**Extracted records:**
● ● ●
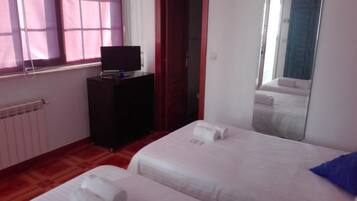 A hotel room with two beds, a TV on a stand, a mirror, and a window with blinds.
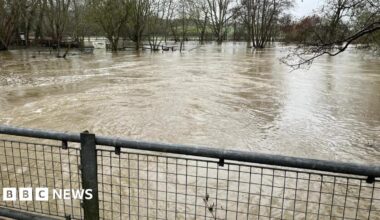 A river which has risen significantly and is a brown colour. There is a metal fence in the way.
● ● ●
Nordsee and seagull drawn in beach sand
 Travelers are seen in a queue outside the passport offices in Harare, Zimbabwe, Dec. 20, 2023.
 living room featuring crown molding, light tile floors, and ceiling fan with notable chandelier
● ● ●
**What needs to be done:** Give back, exactly and without pictures, the stretch of the records above from the line containing "A hotel room" through the line containing "A river which", with both end lines included.

**Answer for this exercise:**
 A hotel room with two beds, a TV on a stand, a mirror, and a window with blinds.
 A river which has risen significantly and is a brown colour. There is a metal fence in the way.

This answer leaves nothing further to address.